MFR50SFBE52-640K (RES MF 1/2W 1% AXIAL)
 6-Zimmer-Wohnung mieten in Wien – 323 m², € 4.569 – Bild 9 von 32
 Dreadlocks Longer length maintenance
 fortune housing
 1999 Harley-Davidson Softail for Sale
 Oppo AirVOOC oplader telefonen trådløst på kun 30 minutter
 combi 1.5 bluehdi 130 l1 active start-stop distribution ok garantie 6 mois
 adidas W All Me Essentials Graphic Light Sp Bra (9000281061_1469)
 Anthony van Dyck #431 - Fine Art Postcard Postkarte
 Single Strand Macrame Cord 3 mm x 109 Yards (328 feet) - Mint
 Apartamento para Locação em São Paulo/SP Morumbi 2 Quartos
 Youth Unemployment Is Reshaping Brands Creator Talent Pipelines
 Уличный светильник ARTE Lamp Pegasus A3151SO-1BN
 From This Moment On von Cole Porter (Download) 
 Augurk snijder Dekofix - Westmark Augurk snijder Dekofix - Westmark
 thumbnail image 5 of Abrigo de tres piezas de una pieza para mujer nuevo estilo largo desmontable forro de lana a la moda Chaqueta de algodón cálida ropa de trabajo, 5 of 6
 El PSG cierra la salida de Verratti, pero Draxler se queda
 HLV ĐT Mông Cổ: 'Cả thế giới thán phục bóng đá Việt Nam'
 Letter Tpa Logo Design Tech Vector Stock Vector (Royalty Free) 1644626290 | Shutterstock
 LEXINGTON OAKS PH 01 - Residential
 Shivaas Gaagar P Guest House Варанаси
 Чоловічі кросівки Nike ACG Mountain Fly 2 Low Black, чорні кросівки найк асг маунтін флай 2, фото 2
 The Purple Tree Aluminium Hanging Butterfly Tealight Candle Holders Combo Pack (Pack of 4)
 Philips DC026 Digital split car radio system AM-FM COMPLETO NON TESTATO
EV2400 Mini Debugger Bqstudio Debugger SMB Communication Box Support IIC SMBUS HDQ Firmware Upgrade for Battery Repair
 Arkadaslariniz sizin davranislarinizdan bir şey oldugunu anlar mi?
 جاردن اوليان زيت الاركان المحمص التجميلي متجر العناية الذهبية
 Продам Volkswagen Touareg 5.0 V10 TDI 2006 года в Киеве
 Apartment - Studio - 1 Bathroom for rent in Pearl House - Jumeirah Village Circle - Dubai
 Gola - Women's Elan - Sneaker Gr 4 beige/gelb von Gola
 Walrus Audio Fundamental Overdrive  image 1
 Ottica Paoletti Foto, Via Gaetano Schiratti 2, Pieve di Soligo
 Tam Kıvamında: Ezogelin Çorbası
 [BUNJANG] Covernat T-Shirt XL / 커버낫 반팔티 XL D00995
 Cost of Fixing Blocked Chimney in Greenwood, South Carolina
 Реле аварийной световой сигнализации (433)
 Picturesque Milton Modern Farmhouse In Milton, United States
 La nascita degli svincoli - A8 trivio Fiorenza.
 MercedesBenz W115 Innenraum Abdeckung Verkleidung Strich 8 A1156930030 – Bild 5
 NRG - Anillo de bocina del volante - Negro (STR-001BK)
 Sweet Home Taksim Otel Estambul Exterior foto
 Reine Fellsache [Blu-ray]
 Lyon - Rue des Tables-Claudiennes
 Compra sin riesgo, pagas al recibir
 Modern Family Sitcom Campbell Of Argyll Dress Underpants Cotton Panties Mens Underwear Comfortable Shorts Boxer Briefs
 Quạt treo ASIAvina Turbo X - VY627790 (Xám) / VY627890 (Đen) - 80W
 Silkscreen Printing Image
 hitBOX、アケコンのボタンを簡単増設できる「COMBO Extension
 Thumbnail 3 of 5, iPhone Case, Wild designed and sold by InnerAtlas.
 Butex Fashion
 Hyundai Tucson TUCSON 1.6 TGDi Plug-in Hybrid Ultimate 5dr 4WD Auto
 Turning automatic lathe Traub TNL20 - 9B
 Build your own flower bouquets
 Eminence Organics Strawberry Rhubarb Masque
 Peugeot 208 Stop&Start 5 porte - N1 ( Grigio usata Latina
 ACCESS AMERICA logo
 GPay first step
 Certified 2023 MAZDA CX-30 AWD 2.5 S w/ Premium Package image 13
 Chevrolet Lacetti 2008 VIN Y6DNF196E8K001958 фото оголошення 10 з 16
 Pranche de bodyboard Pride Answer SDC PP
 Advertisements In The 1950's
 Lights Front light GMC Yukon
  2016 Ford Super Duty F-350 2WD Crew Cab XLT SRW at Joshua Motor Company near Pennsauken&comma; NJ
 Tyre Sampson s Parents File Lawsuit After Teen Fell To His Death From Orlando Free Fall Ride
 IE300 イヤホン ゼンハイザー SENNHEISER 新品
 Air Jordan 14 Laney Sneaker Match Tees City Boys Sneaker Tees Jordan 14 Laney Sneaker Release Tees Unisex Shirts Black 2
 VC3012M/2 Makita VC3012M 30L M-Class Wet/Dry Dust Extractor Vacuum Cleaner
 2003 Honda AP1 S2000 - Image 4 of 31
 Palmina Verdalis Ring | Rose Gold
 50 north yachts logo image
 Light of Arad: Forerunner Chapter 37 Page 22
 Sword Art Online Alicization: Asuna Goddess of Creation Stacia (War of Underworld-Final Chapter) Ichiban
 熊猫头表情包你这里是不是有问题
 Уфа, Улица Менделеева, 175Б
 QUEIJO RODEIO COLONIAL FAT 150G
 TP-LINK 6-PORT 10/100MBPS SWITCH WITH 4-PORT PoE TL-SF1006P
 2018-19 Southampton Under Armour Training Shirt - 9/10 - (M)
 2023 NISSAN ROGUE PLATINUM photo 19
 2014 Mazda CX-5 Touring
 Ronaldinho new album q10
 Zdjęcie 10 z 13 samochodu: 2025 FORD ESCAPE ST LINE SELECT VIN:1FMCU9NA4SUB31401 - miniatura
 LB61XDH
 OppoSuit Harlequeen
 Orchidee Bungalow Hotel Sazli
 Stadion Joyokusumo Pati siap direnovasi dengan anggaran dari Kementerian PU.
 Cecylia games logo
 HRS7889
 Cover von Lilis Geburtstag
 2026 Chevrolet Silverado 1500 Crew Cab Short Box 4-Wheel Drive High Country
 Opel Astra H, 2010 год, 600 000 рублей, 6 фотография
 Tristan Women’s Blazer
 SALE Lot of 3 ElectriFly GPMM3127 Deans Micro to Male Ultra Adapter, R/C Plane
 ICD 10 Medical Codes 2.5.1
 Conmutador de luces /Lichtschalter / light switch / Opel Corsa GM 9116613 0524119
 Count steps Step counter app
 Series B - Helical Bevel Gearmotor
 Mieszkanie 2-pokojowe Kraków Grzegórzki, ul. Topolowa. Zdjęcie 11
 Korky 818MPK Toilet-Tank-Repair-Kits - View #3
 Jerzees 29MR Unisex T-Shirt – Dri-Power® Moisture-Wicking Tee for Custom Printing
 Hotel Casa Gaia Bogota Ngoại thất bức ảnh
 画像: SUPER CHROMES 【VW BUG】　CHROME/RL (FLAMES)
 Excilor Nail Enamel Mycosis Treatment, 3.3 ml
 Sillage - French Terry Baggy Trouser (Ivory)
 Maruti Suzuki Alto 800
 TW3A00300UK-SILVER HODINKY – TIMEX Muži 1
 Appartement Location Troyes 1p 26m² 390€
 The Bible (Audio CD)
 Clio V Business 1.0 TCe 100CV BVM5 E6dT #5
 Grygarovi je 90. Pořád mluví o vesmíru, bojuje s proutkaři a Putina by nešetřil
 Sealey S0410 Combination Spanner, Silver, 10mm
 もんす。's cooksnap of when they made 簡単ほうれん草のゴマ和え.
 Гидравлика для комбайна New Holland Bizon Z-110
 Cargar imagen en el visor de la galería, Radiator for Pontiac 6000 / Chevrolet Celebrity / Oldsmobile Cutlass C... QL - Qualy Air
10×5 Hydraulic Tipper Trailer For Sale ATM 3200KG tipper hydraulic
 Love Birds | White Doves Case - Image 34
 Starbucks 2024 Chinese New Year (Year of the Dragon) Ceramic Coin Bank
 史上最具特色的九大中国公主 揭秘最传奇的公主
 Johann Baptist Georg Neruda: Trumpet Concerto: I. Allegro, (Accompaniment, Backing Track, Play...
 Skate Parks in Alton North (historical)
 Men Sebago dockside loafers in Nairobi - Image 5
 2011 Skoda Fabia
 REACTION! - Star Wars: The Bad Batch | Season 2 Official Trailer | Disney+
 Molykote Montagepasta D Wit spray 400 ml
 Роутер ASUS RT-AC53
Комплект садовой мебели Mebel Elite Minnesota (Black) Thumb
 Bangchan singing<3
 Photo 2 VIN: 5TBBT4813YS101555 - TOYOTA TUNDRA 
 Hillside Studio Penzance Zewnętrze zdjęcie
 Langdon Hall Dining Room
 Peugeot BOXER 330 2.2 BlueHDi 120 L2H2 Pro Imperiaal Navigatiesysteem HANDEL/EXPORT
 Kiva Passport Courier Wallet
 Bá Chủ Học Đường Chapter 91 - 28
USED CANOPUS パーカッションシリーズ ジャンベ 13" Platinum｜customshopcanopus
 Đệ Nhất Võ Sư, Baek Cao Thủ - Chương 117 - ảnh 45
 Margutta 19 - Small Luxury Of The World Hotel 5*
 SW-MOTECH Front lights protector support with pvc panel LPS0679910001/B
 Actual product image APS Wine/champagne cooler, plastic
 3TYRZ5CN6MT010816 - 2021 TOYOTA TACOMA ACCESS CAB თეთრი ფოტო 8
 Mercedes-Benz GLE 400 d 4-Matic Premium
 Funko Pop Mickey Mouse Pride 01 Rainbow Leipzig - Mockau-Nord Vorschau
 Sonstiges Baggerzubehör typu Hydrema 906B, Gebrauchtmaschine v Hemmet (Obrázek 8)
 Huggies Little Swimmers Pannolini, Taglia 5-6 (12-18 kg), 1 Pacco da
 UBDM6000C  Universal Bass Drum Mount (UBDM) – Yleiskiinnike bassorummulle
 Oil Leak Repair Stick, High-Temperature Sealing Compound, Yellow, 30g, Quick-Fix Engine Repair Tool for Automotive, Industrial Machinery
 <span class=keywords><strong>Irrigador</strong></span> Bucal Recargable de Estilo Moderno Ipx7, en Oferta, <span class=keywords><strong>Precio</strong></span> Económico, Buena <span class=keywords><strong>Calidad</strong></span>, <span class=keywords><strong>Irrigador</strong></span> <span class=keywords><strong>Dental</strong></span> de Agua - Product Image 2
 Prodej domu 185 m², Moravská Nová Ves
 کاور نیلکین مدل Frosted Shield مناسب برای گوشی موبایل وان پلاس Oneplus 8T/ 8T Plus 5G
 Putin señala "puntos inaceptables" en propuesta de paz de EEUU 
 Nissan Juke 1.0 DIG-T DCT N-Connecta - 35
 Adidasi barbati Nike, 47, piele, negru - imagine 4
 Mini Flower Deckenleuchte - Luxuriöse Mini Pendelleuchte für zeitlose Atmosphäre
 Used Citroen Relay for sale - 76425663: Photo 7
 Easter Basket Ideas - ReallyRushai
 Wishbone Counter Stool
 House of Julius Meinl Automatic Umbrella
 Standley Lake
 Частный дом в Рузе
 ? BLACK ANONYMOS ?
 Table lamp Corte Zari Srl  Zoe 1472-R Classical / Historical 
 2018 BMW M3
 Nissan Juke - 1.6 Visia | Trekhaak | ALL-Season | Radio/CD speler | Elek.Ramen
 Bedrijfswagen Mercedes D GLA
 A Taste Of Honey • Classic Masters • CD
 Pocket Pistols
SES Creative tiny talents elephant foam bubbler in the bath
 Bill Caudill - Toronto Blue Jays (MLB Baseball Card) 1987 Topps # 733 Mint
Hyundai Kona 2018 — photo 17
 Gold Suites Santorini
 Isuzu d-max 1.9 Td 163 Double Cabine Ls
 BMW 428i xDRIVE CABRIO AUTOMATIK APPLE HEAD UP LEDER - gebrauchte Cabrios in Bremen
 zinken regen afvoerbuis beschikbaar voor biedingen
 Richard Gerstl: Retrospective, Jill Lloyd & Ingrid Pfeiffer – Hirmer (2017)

----------

What you are asked to do: For this exercise, please copy exactly the lines from the one holding "Bill Caudill - Toronto" through the end of the records, the first and last included.

Worked solution:
 Bill Caudill - Toronto Blue Jays (MLB Baseball Card) 1987 Topps # 733 Mint
Hyundai Kona 2018 — photo 17
 Gold Suites Santorini
 Isuzu d-max 1.9 Td 163 Double Cabine Ls
 BMW 428i xDRIVE CABRIO AUTOMATIK APPLE HEAD UP LEDER - gebrauchte Cabrios in Bremen
 zinken regen afvoerbuis beschikbaar voor biedingen
 Richard Gerstl: Retrospective, Jill Lloyd & Ingrid Pfeiffer – Hirmer (2017)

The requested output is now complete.